As the keystone of the inaugural IN(3D)USTRY, HP has a better perspective than most in terms of how much the event has changed in a year. “We introduced the Multi Jet Fusion in Barcelona last year, which was also its European premiere,” said Ramon Pastor, VP and general manager of 3D printing at HP.

Drone made using HP's MJF technology. (Image courtesy of the author.)
Drone made using HP's MJF technology. (Image courtesy of the author.)
“The market has been shifting since then,” Pastor continued. “It used to be that 80-90 percent of the additive manufacturing market was in prototyping, but this has changed tremendously. Since we introduced our technology, more than half our customers are in manufacturing, doing final parts.”

Pastor attended the inaugural IN(3D)USTRY, and provided some insight on the differences a year makes. “Last year was all about 3D printing as a standalone technology,” he said, “which is good, in a way, because it’s more focused—but we’re really trying to transform the entire manufacturing supply chain. That’s why it’s good to see this event put into an industrial context with the other events happening at the same time. It’s much more interesting to us and to our customers.”

3D-printed fashion. (Image courtesy of Fira Barcelona.)
3D-printed fashion. (Image courtesy of Fira Barcelona.)
Regarding Barcelona’s potential as an additive manufacturing hub, Pastor said:

“I think it has many of the components. Just to name a few: Barcelona is known for design, and one of the things additive manufacturing does is give designers the freedom to create geometries that couldn’t have been realized before. The other thing is the availability of education, whether you’re talking about engineering schools, art schools or business schools. In terms of materials, the Port of Tarragona is 100 kilometers from here, and it has one of the biggest refineries in Europe. So, it’s a nice ecosystem whether you’re coming from an engineering perspective, a design perspective or a material perspective.”
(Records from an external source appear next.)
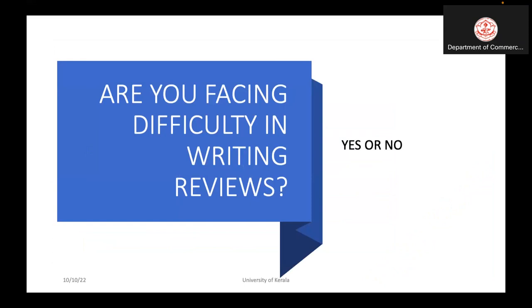Are you facing difficulty in writing literature reviews? Many scholars are stuck in this area and cannot write properly without understanding how to write literature reviews. This is a problem of the present research context.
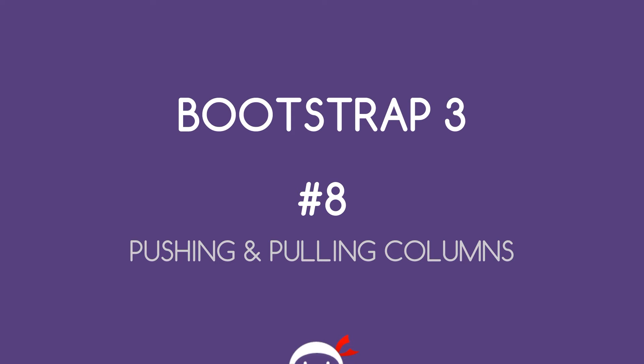Yo what's going on guys, welcome to your eighth Bootstrap 3 tutorial. In this video we're going to take a look at pushing and pulling columns.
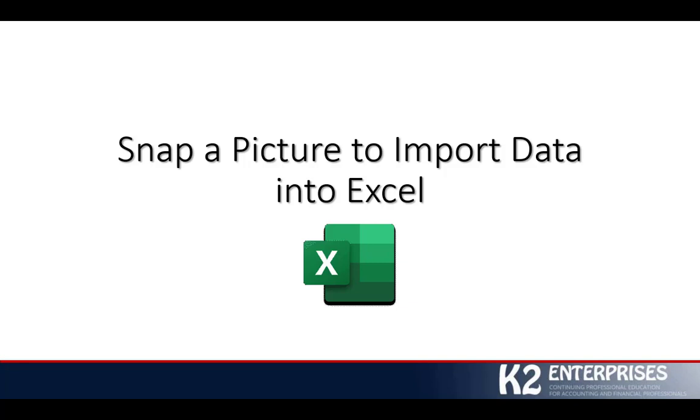Hi, this is Tommy Stevens with K2 Enterprises. Thanks for stopping by for yet another in a series of technology tips.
Barcelona: The Global Additive Manufacturing Hub?

It’s still too early in the technology’s lifecycle to say for certain whether Barcelona will become a hub for additive manufacturing. It’s also possible that the very idea of a manufacturing hub will be rendered obsolete with the rise of on-demand manufacturing, as production becomes less centralized and more localized. 

Auto parts made using 3D printing. (Image courtesy of Giorgio Mgistrelli.)
Auto parts made using 3D printing. (Image courtesy of Giorgio Mgistrelli.)
Still, if there is going to be a global additive manufacturing hub, the Catalonia region has a lot going for it.